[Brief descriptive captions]
┏━━
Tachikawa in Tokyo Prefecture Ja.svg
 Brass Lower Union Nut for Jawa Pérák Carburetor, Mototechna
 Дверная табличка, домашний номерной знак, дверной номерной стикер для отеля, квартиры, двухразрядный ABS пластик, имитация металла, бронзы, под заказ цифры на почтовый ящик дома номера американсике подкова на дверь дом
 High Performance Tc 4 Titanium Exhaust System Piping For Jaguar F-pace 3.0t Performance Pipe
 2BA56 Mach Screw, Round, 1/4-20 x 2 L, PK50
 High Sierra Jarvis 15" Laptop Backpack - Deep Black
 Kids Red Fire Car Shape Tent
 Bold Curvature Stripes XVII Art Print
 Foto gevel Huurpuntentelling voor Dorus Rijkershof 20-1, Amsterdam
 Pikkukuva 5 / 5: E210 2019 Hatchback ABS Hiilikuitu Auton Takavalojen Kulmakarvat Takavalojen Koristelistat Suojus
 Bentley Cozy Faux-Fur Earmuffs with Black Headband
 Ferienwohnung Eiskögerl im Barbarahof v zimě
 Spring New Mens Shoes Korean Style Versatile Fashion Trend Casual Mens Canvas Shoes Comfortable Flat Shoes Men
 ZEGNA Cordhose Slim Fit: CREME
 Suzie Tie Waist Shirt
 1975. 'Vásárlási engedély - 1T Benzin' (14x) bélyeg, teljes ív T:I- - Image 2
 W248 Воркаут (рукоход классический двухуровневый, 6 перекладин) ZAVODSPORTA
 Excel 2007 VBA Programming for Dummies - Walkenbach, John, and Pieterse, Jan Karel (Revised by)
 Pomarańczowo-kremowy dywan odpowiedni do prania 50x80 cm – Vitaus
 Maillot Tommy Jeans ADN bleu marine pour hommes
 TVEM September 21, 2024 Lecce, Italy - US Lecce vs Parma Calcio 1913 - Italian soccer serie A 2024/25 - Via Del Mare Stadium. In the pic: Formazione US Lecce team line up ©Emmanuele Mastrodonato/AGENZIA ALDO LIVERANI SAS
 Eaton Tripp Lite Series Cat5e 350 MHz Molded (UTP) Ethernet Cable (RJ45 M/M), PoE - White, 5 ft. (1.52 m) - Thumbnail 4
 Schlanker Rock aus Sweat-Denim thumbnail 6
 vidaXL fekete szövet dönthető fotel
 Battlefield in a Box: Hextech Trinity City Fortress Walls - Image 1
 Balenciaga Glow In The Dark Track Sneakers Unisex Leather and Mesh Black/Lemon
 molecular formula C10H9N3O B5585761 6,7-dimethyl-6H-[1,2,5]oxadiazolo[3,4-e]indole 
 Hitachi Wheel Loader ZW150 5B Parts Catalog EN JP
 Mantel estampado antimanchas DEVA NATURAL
┗━━
- _Work to complete_
Every line above should be written out again, unchanged.

- _Output for this task_
Tachikawa in Tokyo Prefecture Ja.svg
 Brass Lower Union Nut for Jawa Pérák Carburetor, Mototechna
 Дверная табличка, домашний номерной знак, дверной номерной стикер для отеля, квартиры, двухразрядный ABS пластик, имитация металла, бронзы, под заказ цифры на почтовый ящик дома номера американсике подкова на дверь дом
 High Performance Tc 4 Titanium Exhaust System Piping For Jaguar F-pace 3.0t Performance Pipe
 2BA56 Mach Screw, Round, 1/4-20 x 2 L, PK50
 High Sierra Jarvis 15" Laptop Backpack - Deep Black
 Kids Red Fire Car Shape Tent
 Bold Curvature Stripes XVII Art Print
 Foto gevel Huurpuntentelling voor Dorus Rijkershof 20-1, Amsterdam
 Pikkukuva 5 / 5: E210 2019 Hatchback ABS Hiilikuitu Auton Takavalojen Kulmakarvat Takavalojen Koristelistat Suojus
 Bentley Cozy Faux-Fur Earmuffs with Black Headband
 Ferienwohnung Eiskögerl im Barbarahof v zimě
 Spring New Mens Shoes Korean Style Versatile Fashion Trend Casual Mens Canvas Shoes Comfortable Flat Shoes Men
 ZEGNA Cordhose Slim Fit: CREME
 Suzie Tie Waist Shirt
 1975. 'Vásárlási engedély - 1T Benzin' (14x) bélyeg, teljes ív T:I- - Image 2
 W248 Воркаут (рукоход классический двухуровневый, 6 перекладин) ZAVODSPORTA
 Excel 2007 VBA Programming for Dummies - Walkenbach, John, and Pieterse, Jan Karel (Revised by)
 Pomarańczowo-kremowy dywan odpowiedni do prania 50x80 cm – Vitaus
 Maillot Tommy Jeans ADN bleu marine pour hommes
 TVEM September 21, 2024 Lecce, Italy - US Lecce vs Parma Calcio 1913 - Italian soccer serie A 2024/25 - Via Del Mare Stadium. In the pic: Formazione US Lecce team line up ©Emmanuele Mastrodonato/AGENZIA ALDO LIVERANI SAS
 Eaton Tripp Lite Series Cat5e 350 MHz Molded (UTP) Ethernet Cable (RJ45 M/M), PoE - White, 5 ft. (1.52 m) - Thumbnail 4
 Schlanker Rock aus Sweat-Denim thumbnail 6
 vidaXL fekete szövet dönthető fotel
 Battlefield in a Box: Hextech Trinity City Fortress Walls - Image 1
 Balenciaga Glow In The Dark Track Sneakers Unisex Leather and Mesh Black/Lemon
 molecular formula C10H9N3O B5585761 6,7-dimethyl-6H-[1,2,5]oxadiazolo[3,4-e]indole 
 Hitachi Wheel Loader ZW150 5B Parts Catalog EN JP
 Mantel estampado antimanchas DEVA NATURAL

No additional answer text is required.